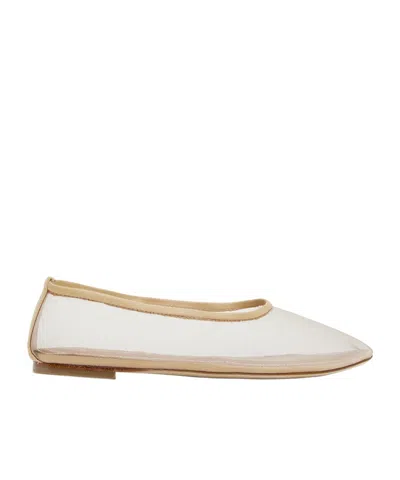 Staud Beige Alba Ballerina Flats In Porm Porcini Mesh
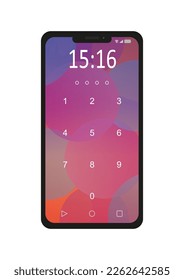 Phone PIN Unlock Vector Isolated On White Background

---

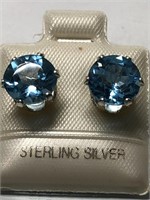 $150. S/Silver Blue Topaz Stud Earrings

* * *

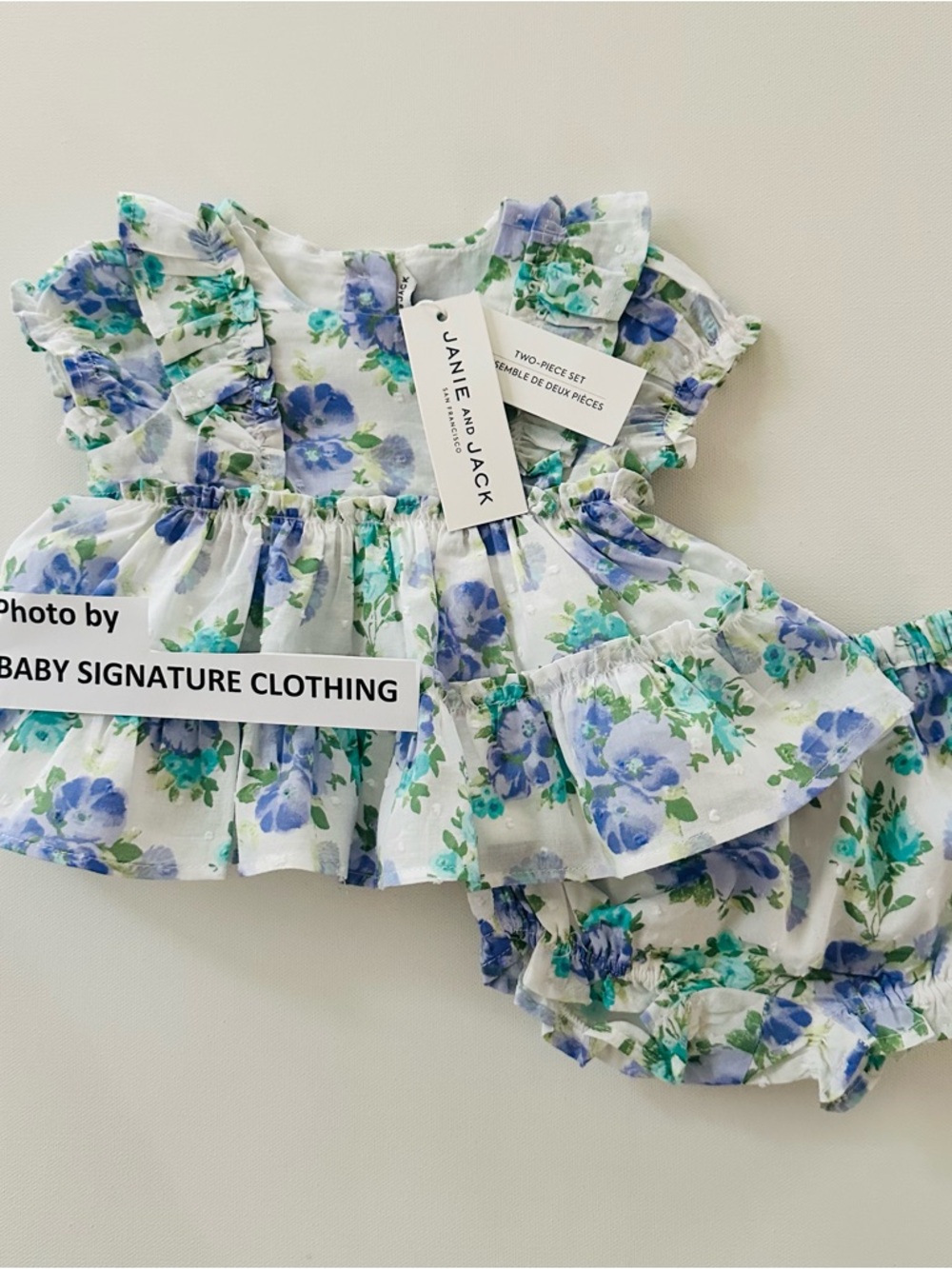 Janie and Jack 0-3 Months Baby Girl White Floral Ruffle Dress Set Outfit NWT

• _Task objective_
Would you please repeat only the lines above, beginning at the one that has "Staud Beige Alba" and stopping after the one that has "Phone PIN Unlock", exactly and with no pictures?

• _Task response_
 Staud Beige Alba Ballerina Flats In Porm Porcini Mesh
 Phone PIN Unlock Vector Isolated On White Background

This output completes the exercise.